Task prompt: Retype the records below word for word and omit any image.

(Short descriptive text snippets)
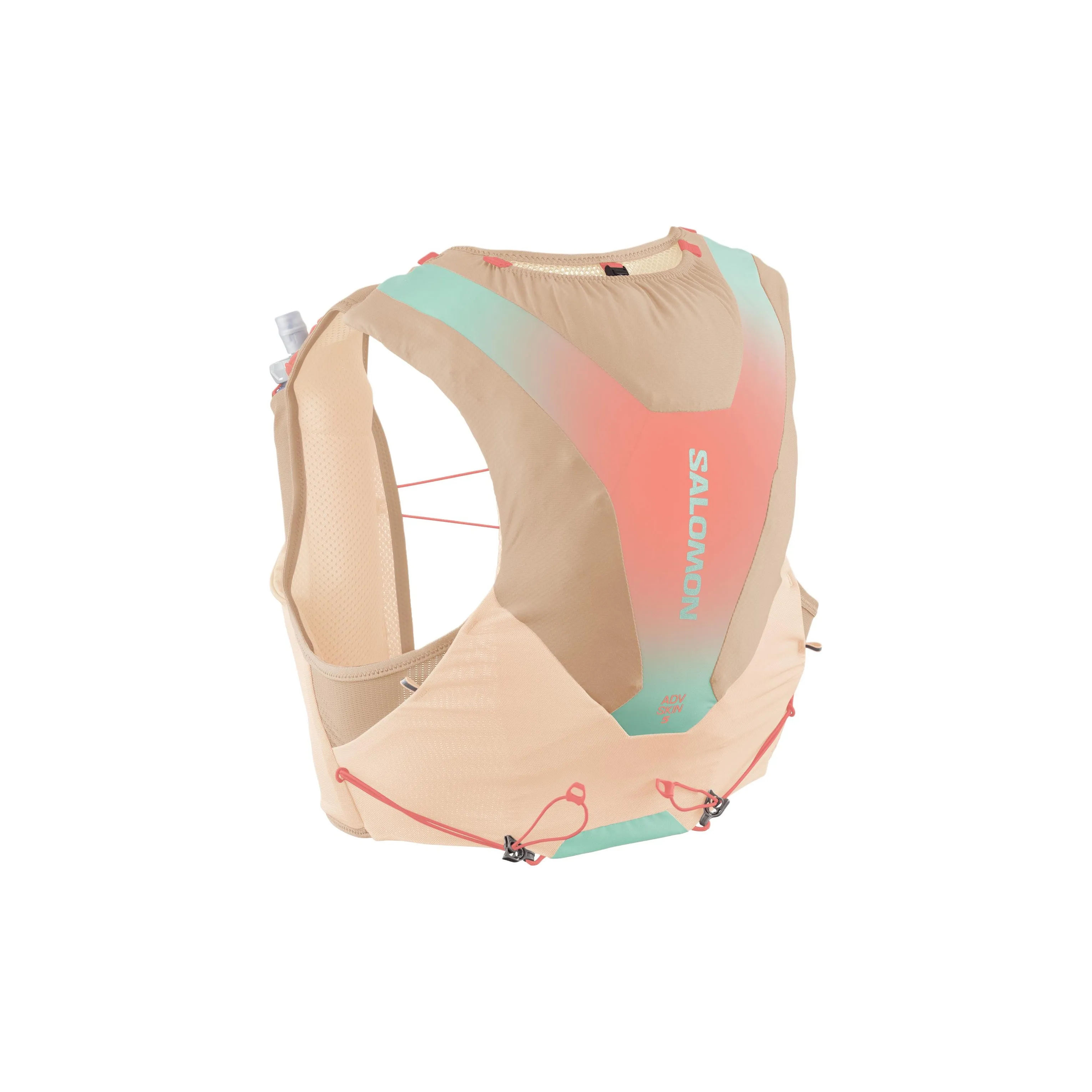 SALOMON Походная сумка Сумка для активного отдыха Полиамид 5 литров Цвет "Тендер Персик" Унисекс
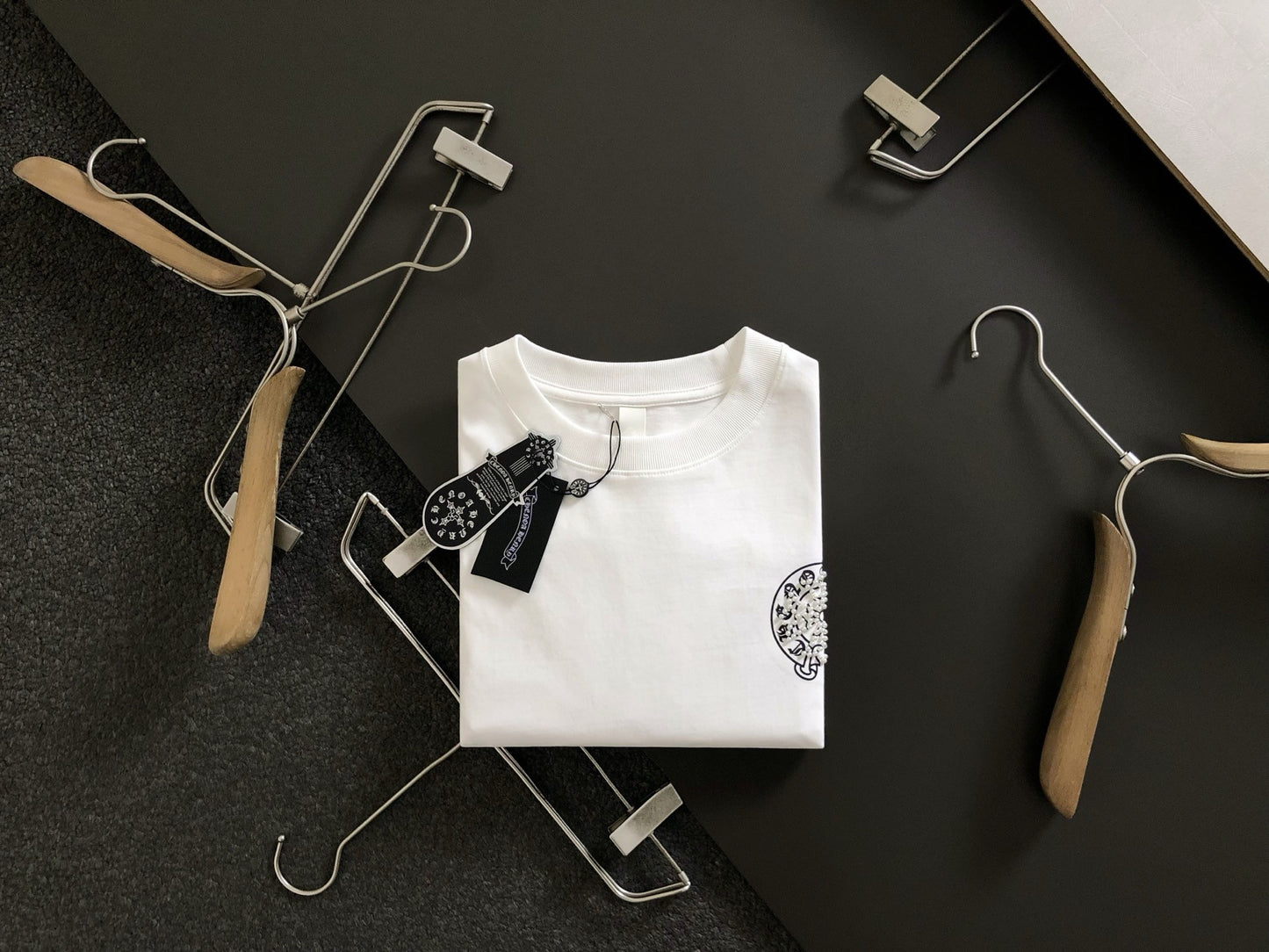 Chrome Heart Tonal Horseshoe Tee
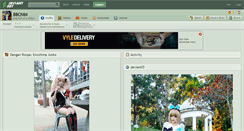 Desktop Screenshot of bbchibi.deviantart.com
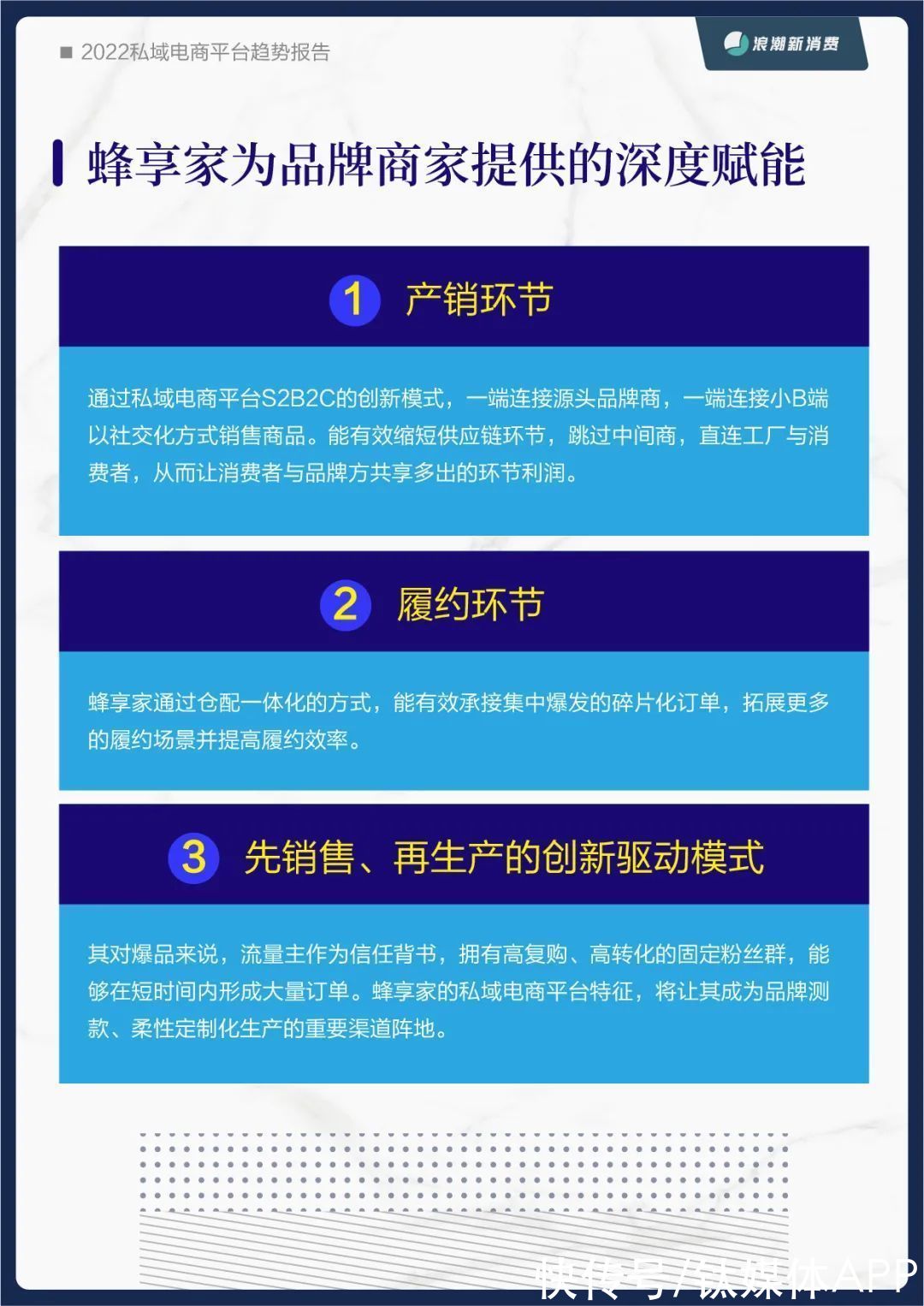 范式转换|《2022私域电商平台趋势报告》发布，私域中能否诞生下一个天猫？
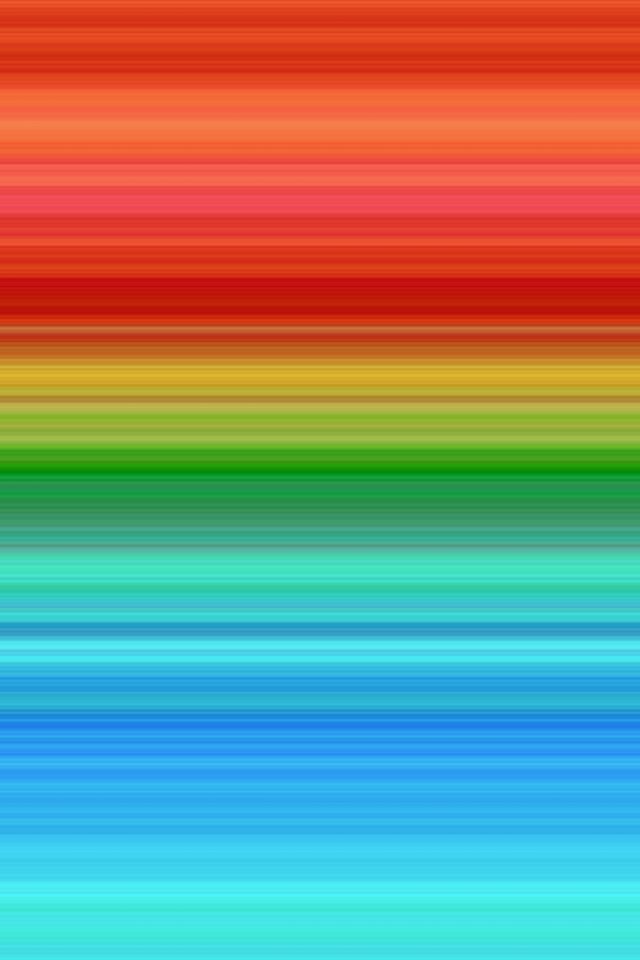 Rainbow Line Abstract Pattern Android wallpaper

Expected output:
 SALOMON Походная сумка Сумка для активного отдыха Полиамид 5 литров Цвет "Тендер Персик" Унисекс
 Chrome Heart Tonal Horseshoe Tee
 Desktop Screenshot of bbchibi.deviantart.com
 范式转换|《2022私域电商平台趋势报告》发布，私域中能否诞生下一个天猫？
 Rainbow Line Abstract Pattern Android wallpaper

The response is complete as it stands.